Le déroulement des séances a été le même à la Maison d’arrêt et au Centre pénitentiaire. Les séances duraient deux heures, débutaient par un tour de table avec la présentation de chacun par son prénom et le rappel des règles, ensuite le groupe déterminait le thème qui l’intéressait et était invité à énoncer des questions pour en choisir une plus précisément. Ensuite le débat commençait avec l’échange des arguments. À la mi-temps il y avait une pause café d’un quart d’heure. La séance se terminait soit par une reprise du débat, soit par la lecture commentée d’un texte qui illustrait la question choisie dans le cas où le même thème était discuté sur deux séances. Un compte-rendu a été donné à chaque participant entre les ateliers.
Les questions traitées abordèrent la nécessité des lois, les lois justes, le bonheur, l’identité, les normes sociales, le sens de l’existence, la haine, la mémoire et le temps, mémoire et identité, le temps et la liberté, le bien et le mal, la responsabilité.
La participation s’est révélée très satisfaisante : ainsi, au cours de l’année 2001, seize " ateliers de philo " ont été programmés : huit à la Maison d’arrêt et huit au Centre pénitentiaire. À cette date (où deux ateliers doivent encore avoir lieu en novembre au Centre pénitentiaire), seize hommes et dix-sept femmes y ont participé, avec des fréquences variant de une à six fois.

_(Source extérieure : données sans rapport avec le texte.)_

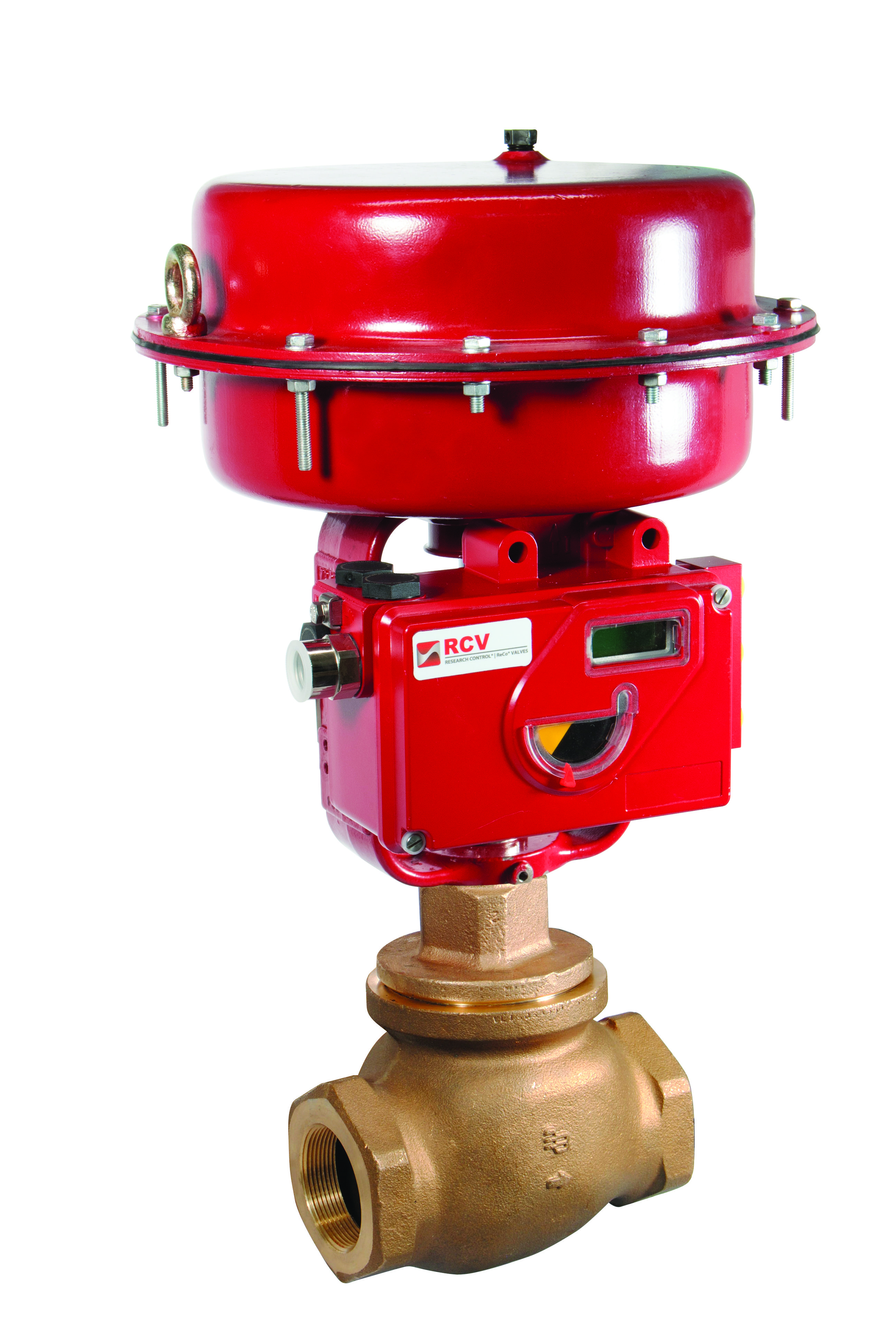 Actuator, Pneumatic (Type PA58)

Un questionnaire d’évaluation a été adressé à tous les participants par Claire Brisson durant l’été : dix-neuf personnes seulement étaient encore là au moment de l’envoi et neuf ont répondu, ce qui permet d’avoir un échantillon non négligeable des points de vue des participants aux ateliers.
LE POINT DE VUE DES PARTICIPANTS
Les réponses des participants sont reproduites en italique.
Un lieu où l’on vit selon des règles librement acceptées
La discipline qui a été instaurée dès le départ permet le bon fonctionnement de l’atelier. On peut parler d’un endroit et d’un temps jouissant d’un pacte de non-agression. Le jeu de parler chacun à son tour fonctionne très bien sans pour autant être surveillé. La cadre a été perçu comme garant du respect et de l’écoute de l’autre.
Un lieu de plaisir partagé
Par rapport à la rigueur du quotidien carcéral où le rêve est loin d’être une réalité, l’atelier est perçu comme un havre de paix. L’absence de surveillance, le plaisir de la découverte des mots et des échanges fraternels en font un lieu chaleureux avec une ambiance agréable et ouverte, sans oublier le plaisir du goûter partagé ! Certains en concluent : cela fait du bien, je me sens mieux.
Un lieu d’initiation à une réflexion vivante
Les exigences philosophiques ont été en général bien comprises : dans une discussion philosophique, on tient compte de ce que dit l’autre, on apprend à prendre du recul avec les préjugés, à dépassionner les débats et à les élargir, à avoir une réflexion plus profonde, à mieux définir les mots, à analyser des idées, l’atelier est perçu comme un lieu pour apprendre à penser droit, qui permet à chacun de s’interroger sur ses convictions et sur sa position vis-à-vis de la société... La plupart relisent les compte rendus, mentionnent la curiosité, l’envie de savoir et de connaître, de lire à la suite des ateliers, d’autres parlent du plaisir d’avoir dépassé la peur du mot philosophie. Plusieurs veulent s’inscrire à des cours de philosophie pour le DAEU.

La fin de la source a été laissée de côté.